Re: NREL 5MW Blade Mode Shape

Postby Xiao.Sun » Mon Mar 16, 2015 1:39 pm

Problem solved. Set the rotation speed to zero

Jason.Jonkman
Posts: 5763
Joined: Thu Nov 03, 2005 4:38 pm
Location: Boulder, CO
Contact:

Re: NREL 5MW Blade Mode Shape

Postby Jason.Jonkman » Wed Mar 18, 2015 6:32 pm

Dear Xiao,

It sounds like you've now obtained satisfactory results, but I thought I'd provide a few comments.

First, when the NREL 5-MW turbine FAST models were first made, BModes was not yet available. Instead, we used the old Modes tool to derive the blade mode shapes; I would expect some differences between the resulting mode shapes between Modes and BModes (with BModes being more accurate).

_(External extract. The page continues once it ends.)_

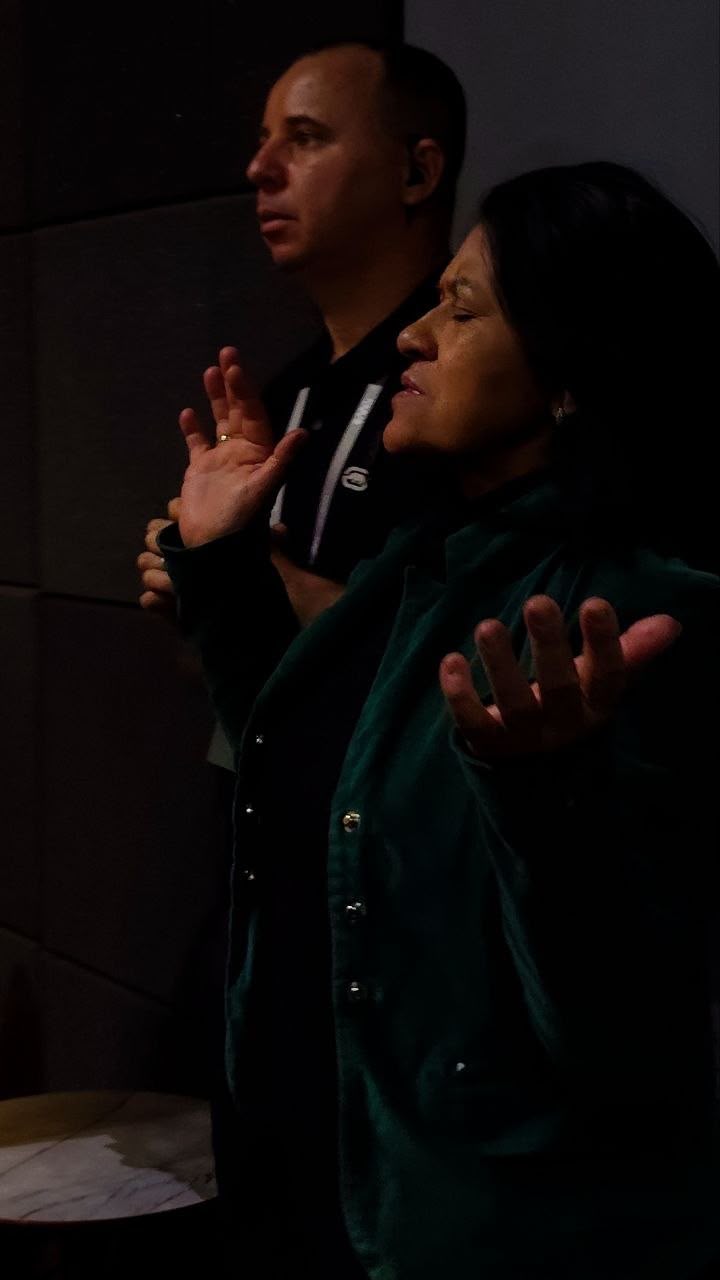 Membros da igreja em oração com as mãos levantadas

Second, we typically derive mode shapes for FAST based on nominal operating conditions--e.g. rotor speed and pitch angle at rated speed, although you could check the sensitivity of the mode shapes for different operating conditions.

Third, the blade structural model in FAST v7 and the ElastoDyn module of FAST v8 only takes into account flapwise and edgewise bending (with no axial, torsional, or shear DOFs) for a straight beam of isotropic material with no mass or elastic offsets, and coupling arising only from structural pretwist. Moreover, the coupling due to structural pretwist is introduced in the model at runtime, but the specified mode shapes are expected to be entered separately for flap and edge. You are using BModes to derive mode shapes for FAST, so, you want the BModes model to be consistent with FAST. I suggest the following values in BModes when deriving blade mode shapes for FAST:

str_tw = 0 (to uncouple the derived flapwise and edgewise modes, which are then coupled through the structural pretwist specified in FAST)
tw_iner = 0
flp_iner = very small number (you can't specify exactly zero for this input in BModes)
edge_iner = very small number
tor_stff = very high number (BModes won't allow infinite; just set it high enough that it doesn't impact the BModes results for the modes you care about)
axial_stff = very high number
cg_offst = 0
sc_offst = 0
tc_offst = 0

Best regards,
Jason Jonkman, Ph.D.
Senior Engineer | National Wind Technology Center (NWTC)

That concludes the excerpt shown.